**Exercise details**
For this exercise, reproduce each entry below exactly, excluding pictures.

BEGIN Information supplied

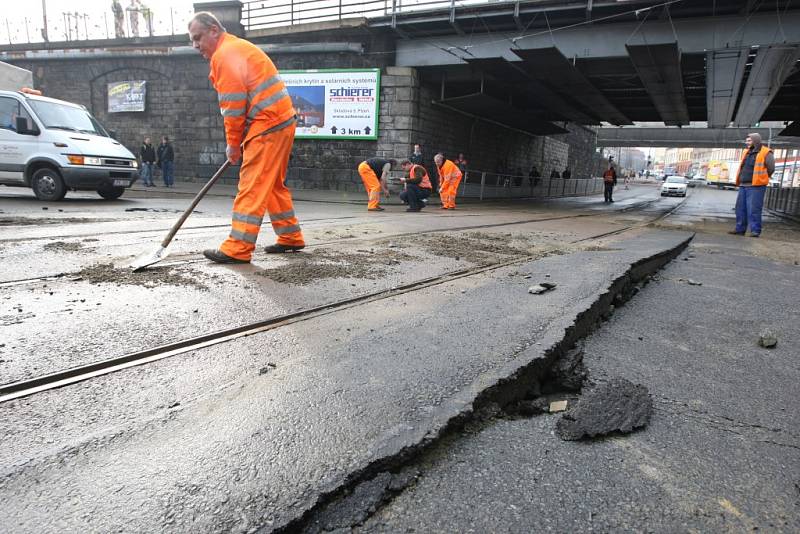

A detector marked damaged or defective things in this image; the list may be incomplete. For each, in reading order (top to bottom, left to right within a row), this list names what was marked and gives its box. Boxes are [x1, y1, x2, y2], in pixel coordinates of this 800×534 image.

cracked asphalt [1, 183, 800, 532]
grey asphalt patch [552, 376, 652, 440]
broken asphalt chunk [552, 378, 652, 442]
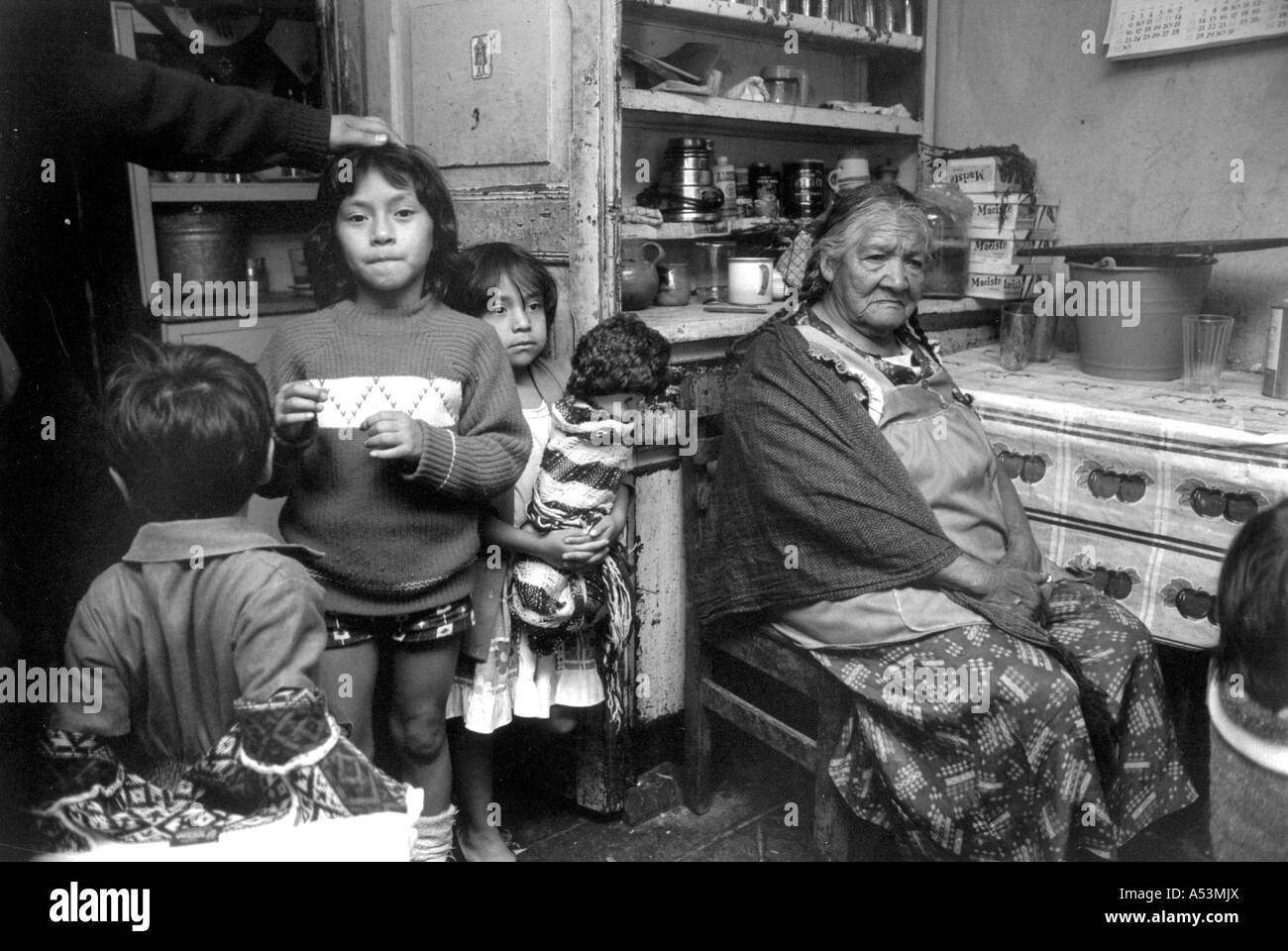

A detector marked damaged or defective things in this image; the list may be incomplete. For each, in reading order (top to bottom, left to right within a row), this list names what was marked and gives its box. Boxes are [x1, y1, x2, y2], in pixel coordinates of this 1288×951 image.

wall with peeling paint [932, 0, 1282, 369]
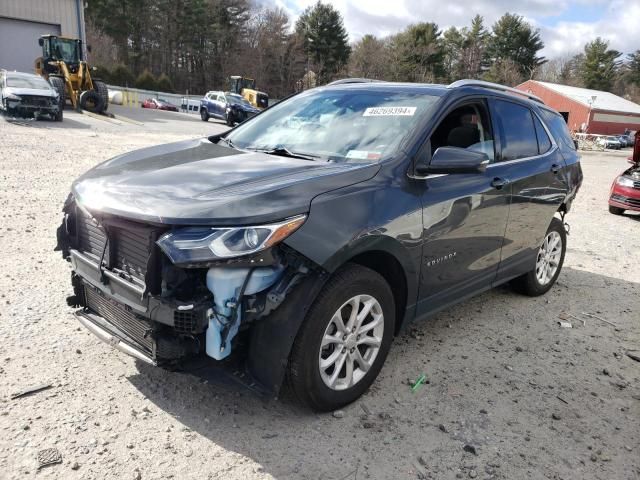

END Information supplied

**Result**
A detector marked damaged or defective things in this image; the list may be incomplete. For each, in reading order (top to bottom, left to right within a row), this list names what was marked and gives its box. Boxes are [x1, y1, x2, y2], in pixel coordinates of this 800×534 image.

cracked asphalt [1, 183, 800, 532]
grey asphalt patch [552, 376, 652, 440]
broken asphalt chunk [552, 378, 652, 442]

A detector marked damaged or defective things in this image; the list may be incomplete. For each, in reading order (top to bottom, left to right within a row), this list names what was marked and gives its box. Boxes are [x1, y1, x2, y2], in pixel coordinates of this 1288×951 image.

wall with peeling paint [932, 0, 1282, 369]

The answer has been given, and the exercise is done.